My boys have special knitted blankets that my Mom made them, and while all three adore their “lovies”, Camden loves his most of all. Picture Linus from the Peanuts comic, toting his beloved blanket everywhere he goes, never apart. The blanket has been so well loved, it began to fall apart. First it was just one string that came loose, but before long it began to completely unravel. It seemed as if it was beyond saving, something precious beyond repair.
Thankfully my Mom, skilled with the needles, began mending the blanket. She took new yarn and weaved it in with the new - not replacing the old blanket but strengthening it, adding to it, weaving something new.
When something in our lives begins to seemingly unravel, often our first reaction is one of panic and doubt.
The disciples had been doing ministry with Jesus for just a few years, in that time they’d done quite a bit together. They had shaken up ideals, challenged the status quo, ushered in a new kind of thinking, one that was established not on any system but on a person. They had healed people and cared for people- they had hung around people and places that the religious types would not dare to go- all in the name of Jesus. The radical ideals of justice, mercy and compassion were part of their daily life and I have the feeling that the disciples felt like things were just getting started. I am sure there were dreams of what the future would hold, together in ministry and life and they were counting on many years ahead.
And then, Jesus died. Sure He had been preparing them for this time, but they had not understood and the death of Jesus was a major blow. In that moment on the cross, when He breathed His last breath I can imagine in the midst of grief and pain the disciples felt everything they thought they knew unraveling.
In fact Peter, one of Jesus’s friends and followers, immediately begin to fall apart. Before Jesus is even on the cross, Peter denies He even knows Jesus, not once but three times. Peter tries to distance himself the whole situation. Three days after the death of Jesus, Mary Magdelene heads to the tomb, and not seeing His body there begins to weep- not understanding what has happened. The disciples themselves were together, hiding behind closed doors out of fear.
Hopes, dreams, plans...unraveled.
The trajectory you were on, dramatically altered.
I can find myself spinning when the things I thought were coming, plans I was working towards, dreams I was longing for begin to unravel and seemingly fall apart. It’s as if one thread is being pulled and at first it’s manageable, but before I know it everything has come undone and I’m sitting holding a pile of strings.
I panic. I question everything. I second guess myself, what I felt I had heard from God and I begin forming a Plan B, a backup plan. I start to try and manifest something myself, out of fear.

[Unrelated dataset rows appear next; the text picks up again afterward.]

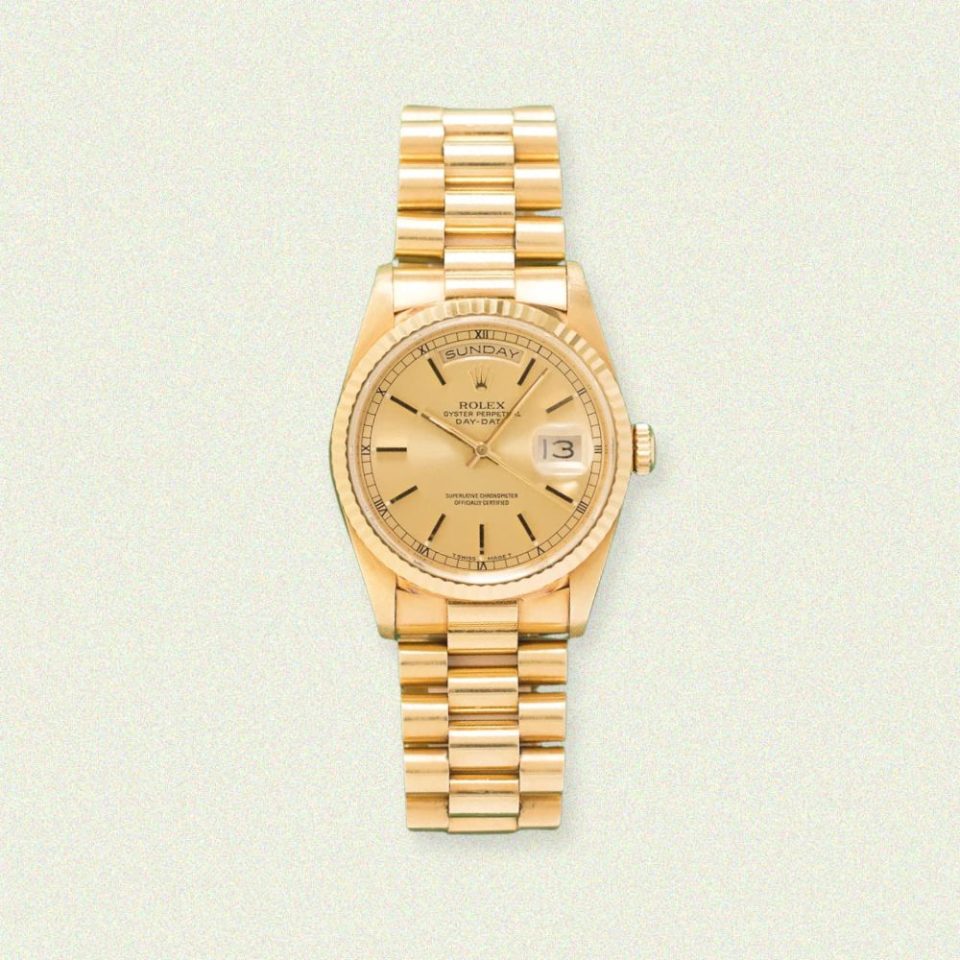 Rolex Day-Date (1988) Ref. 18238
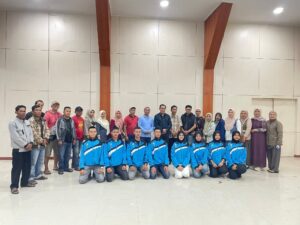 Dilepas Resmi, 8 Paskibraka Ini Siap Harumkan Kota Sungai Penuh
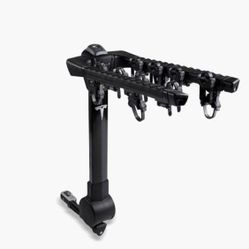 Tesla Branded Yakima Bike Rack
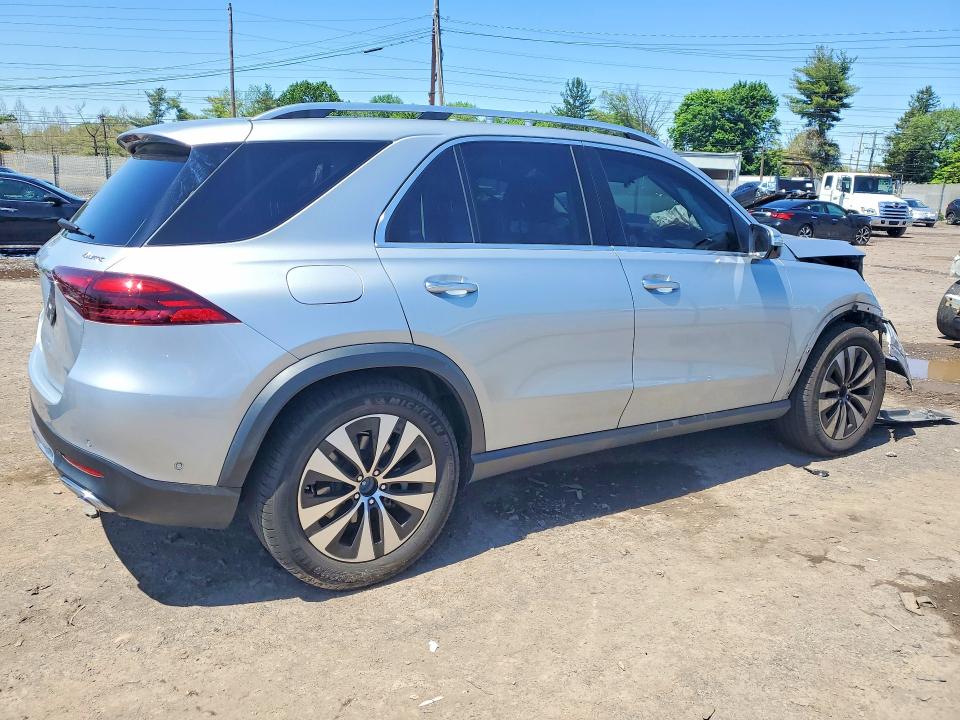 Aukcja sprzedaży 2024 Mercedes-benz Gle, vin: 4JGFB4FB4RB183095, numer aukcji: 52730906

I can’t begin to know what kind of conversations the disciples were having behind closed doors, but I imagine they went through a similar process of panic, questioning, second guessing and then creating new plans based on their limited knowledge and understanding.
The reality is, Jesus rose from the dead and what seemed to be an unraveling was really a weaving of a new story.
In His resurrection, Jesus brings in a new Kingdom. He pays the ultimate price on our behalf and because of the cross we can have new life in Jesus. What the disciples thought was an ending, was really a beginning. The Bible ultimately is a love story, each part revealing God’s love to us.
When we trust in God to weave a new story for us and believe that in midst of chaos and handfuls of strings God is making something new- our faith grows. Whatever you’re facing today...whether it’s a sense of loss or confusion, a grieving of dreams that did not come to fruition or a change in trajectory that is leaving you feeling unsteady- I encourage you to lean in and trust that God is working behind the scenes to create a new story, that He cares for you and you can trust Him.